Des chiffres alarmants, des conséquences durables

L’enquête Enabee, menée auprès de 8 000 enfants de 6 à 11 ans, révèle que :

  • Les filles sont plus souvent victimes de harcèlement, tandis que les garçons adoptent plus fréquemment des comportements agressifs.
  • Les enfants en situation de vulnérabilité (troubles des apprentissages, prématurité, surpoids, ou issus de milieux sociaux défavorisés) sont surreprésentés parmi les victimes et les auteurs.
  • L’agressivité peut être un mécanisme de défense contre une détresse émotionnelle, soulignant l’importance d’un accompagnement adapté [1,2,3].

Ces situations ont des répercussions immédiates (anxiété, isolement, troubles du comportement) et à long terme (dépression, décrochage scolaire, pensées suicidaires). Le harcèlement est donc un enjeu majeur de santé publique, nécessitant des réponses précoces et structurées [1,3].

Prévenir et agir : des pistes concrètes

Santé publique France et le ministère de l’Éducation nationale insistent sur plusieurs leviers :

  1. Renforcer les compétences psychosociales (empathie, gestion des émotions, résolution non violente des conflits) dès la maternelle et l’élémentaire.
  2. Former les enseignants et les personnels à la détection précoce des situations à risque.
  3. Impliquer les familles dans la sensibilisation et la prévention, en tenant compte des inégalités sociales [1,4].
  4. Créer des environnements scolaires protecteurs, en favorisant la coopération et l’inclusion.

Des outils existent, comme les programmes de développement des compétences psychosociales (CPS) ou les référents harcèlement dans chaque département.

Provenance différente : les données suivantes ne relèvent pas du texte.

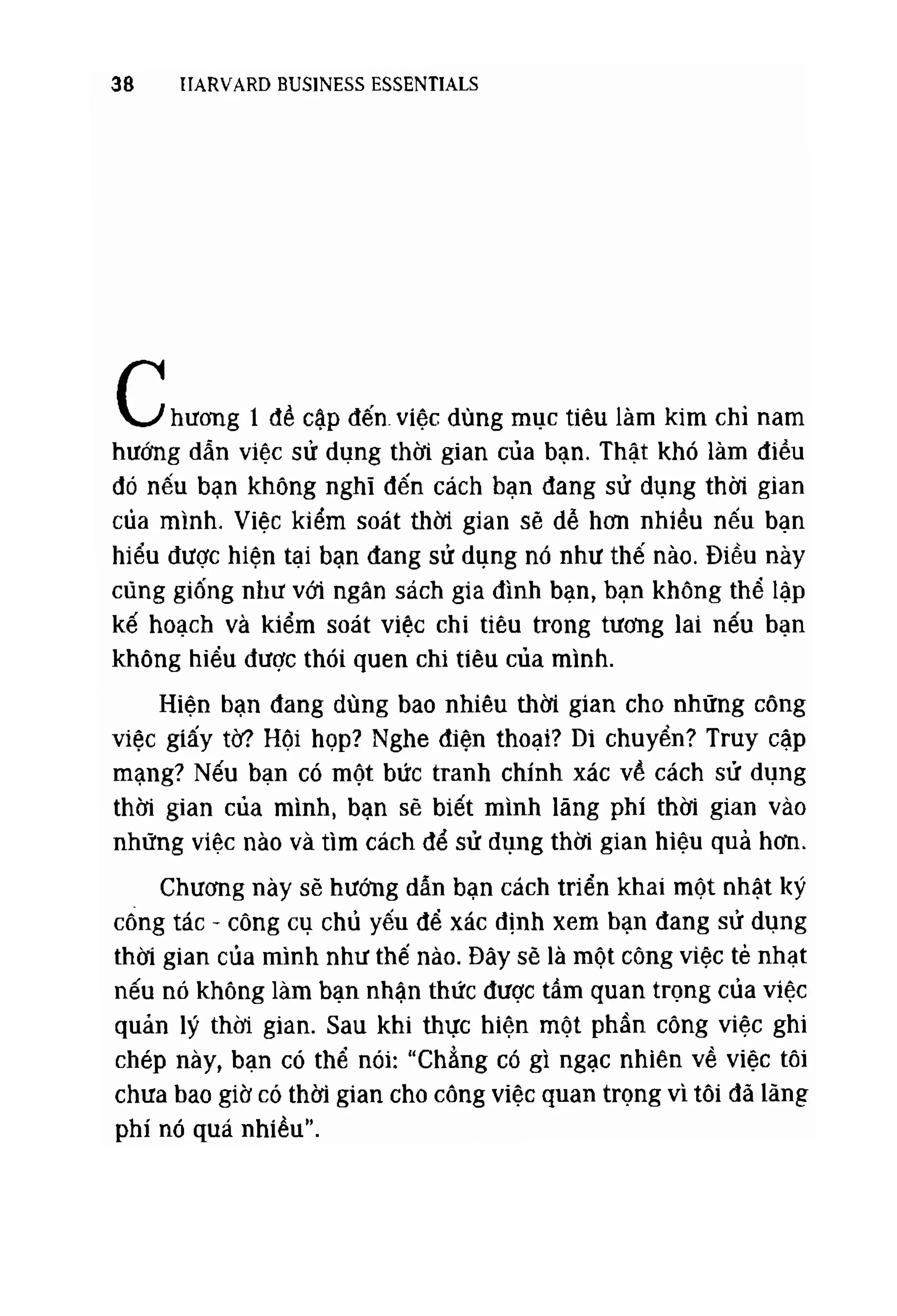 Cẩm nang kinh doanh harvard   quản lý thời gian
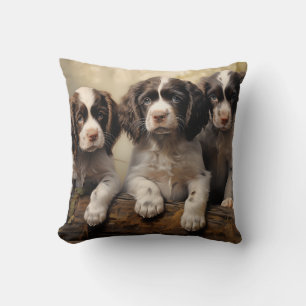 Cojín Decorativo Cachorros de espías de la primavera inglesa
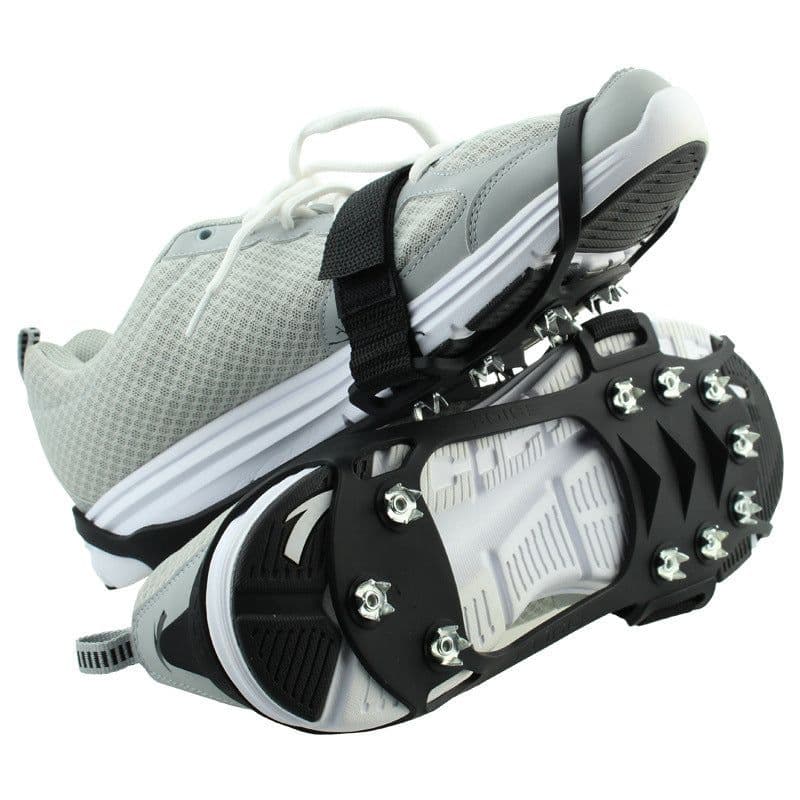image-Outdoor Ice Floes Gripper 10 Nails, Snow Crampons Strap Climbing Cleats Spikes Non Slip Boots Silicone Ice Stud Shoes Grip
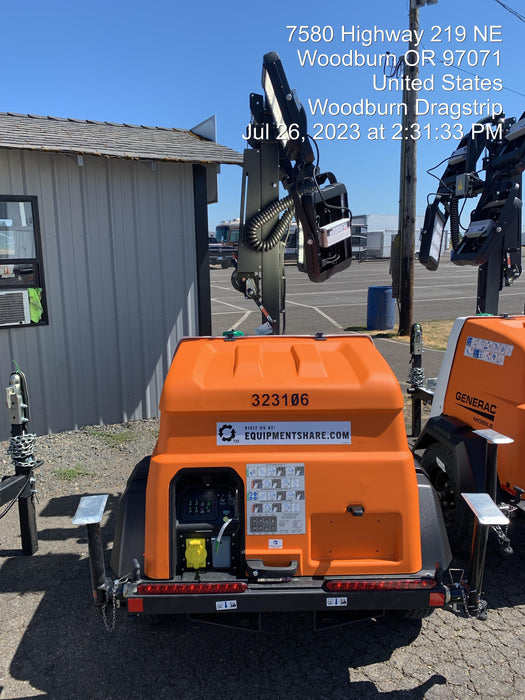 2023 Generac MLT2 Diesel, Flex Switch 120V Input, Powerzone Controller, (4) 320W LED Lights, 4kW Generator, 39.9 Gal Fuel Tank, 2" Ball, T3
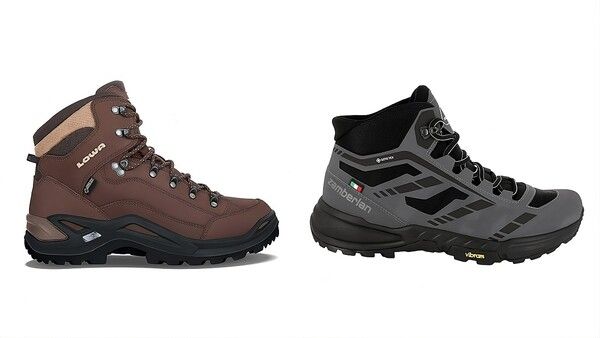 (좌) 고어텍스 소재를 적용한 로바 ‘메가그립 레니게이드 MID GTX’ (우) 잠발란 ‘아나바시스 GTX’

Le gouvernement a également renforcé son plan d’action, avec un baromètre annuel pour suivre l’évolution du phénomène [4].

Conclusion : Agir ensemble pour un climat scolaire apaisé

Le harcèlement à l’école primaire n’est pas une fatalité. En combinant prévention, éducation et réduction des inégalités, il est possible de limiter son impact et de protéger la santé mentale des enfants. Chaque acteur — enseignants, parents, élèves — a un rôle à jouer pour faire de l’école un lieu d’épanouissement et de respect.